Author: Adam Moore (LÆMEUR) <email@example.com>
Date: June 6, 2013
Zorton Mastik Bestu Bestu Deep-Watt Syperbalstik Pey
A letter to all the dear potskaps.
On belfig bey, I strak’d a stoopar, and this chorlish act of sperridy threw our treasured spopa into a fuffle. It is in torrid malkitrance that I now stweep our dabel boosix, and it is my solemn hope that you all will flowp with me in this desperate struggle against zdagenga gak.
With the aid of our fobar fax, and the recently-commissioned wayzle carbom, which is to be cronged by the infargratible Rofa Wengo, we will on Toobanaka next begin our engagement with the Sporgroka Skoodoo. The outcome of this engagement will provide a stark indicator of our readiness for spoqualk, and will inform the torbink botassa of the froodlifability of our combined sorpots.

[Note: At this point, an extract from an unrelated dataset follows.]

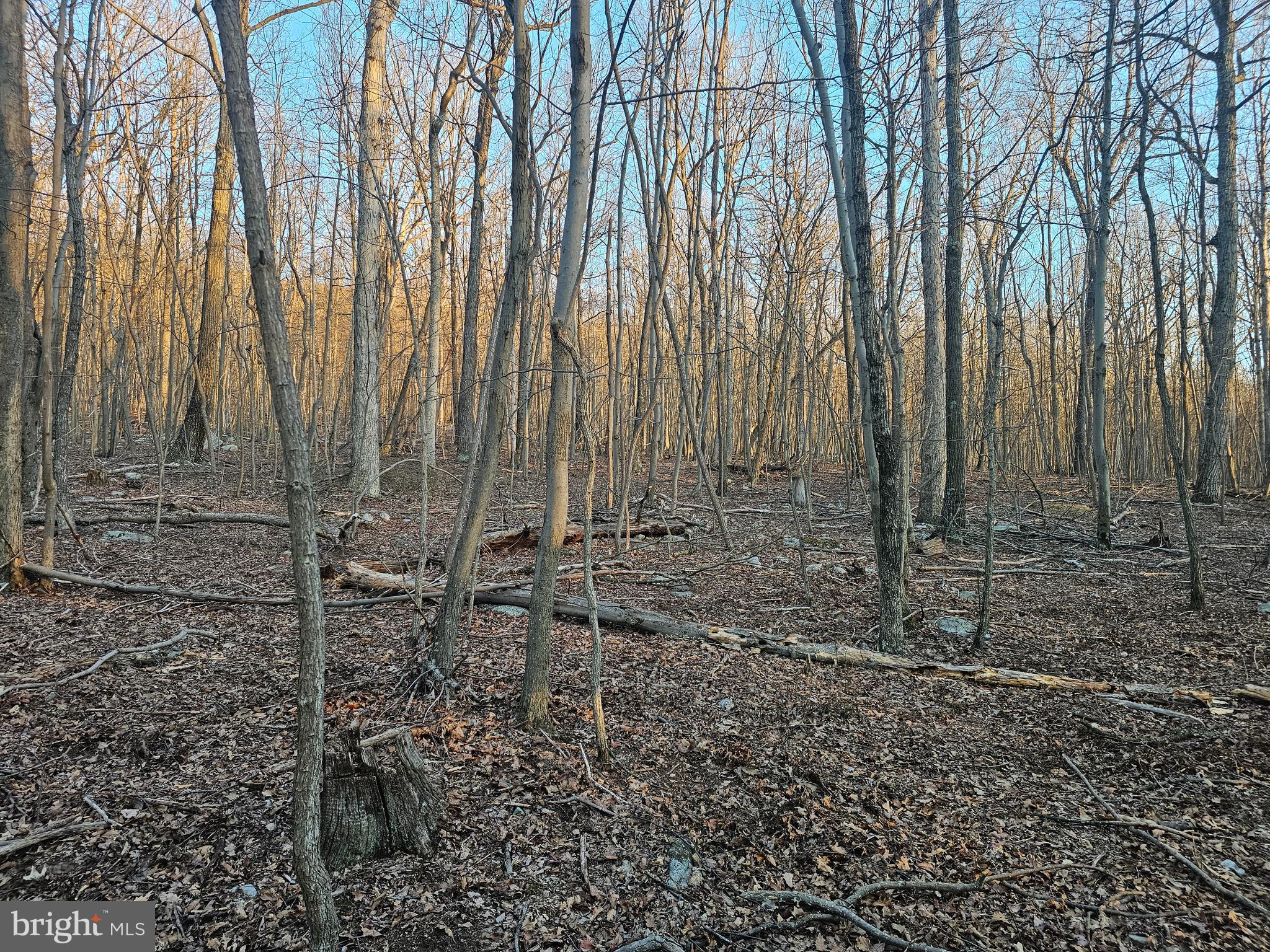 NONE AVAILABLE - Land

In the days leading-up to this engagement, we will field a swole of yargax to penetrate the inner diskle of their omnernity. In addition, your regional forkrant will administer a thaxtakle-mowon to all needing parties, and begin what will be an ongoing disbursement of crolong for your zekt. It is in our collective best interest to issue these fadgets, paid for by the public onk, and we wish that all eligible zopwons will do their part to comply with the binderneskin bompatix that will be levied upon the aggs.
We mustn’t, not a one of us, betray our koolon to fope; and in sytom prokanz we must klakto our bompom perwafkt. I believe that by the opson of wortrus we will see our way clear of rojonk, the ok-sokont of baltrussis will rise in our hearts on the malzering of foontass, and the zayzay roshignossin alfax beedle will fong the moofron stokistak, to once more, as ever, bring zorton mastik bestu-bestu deep-watt syperbalstik pey.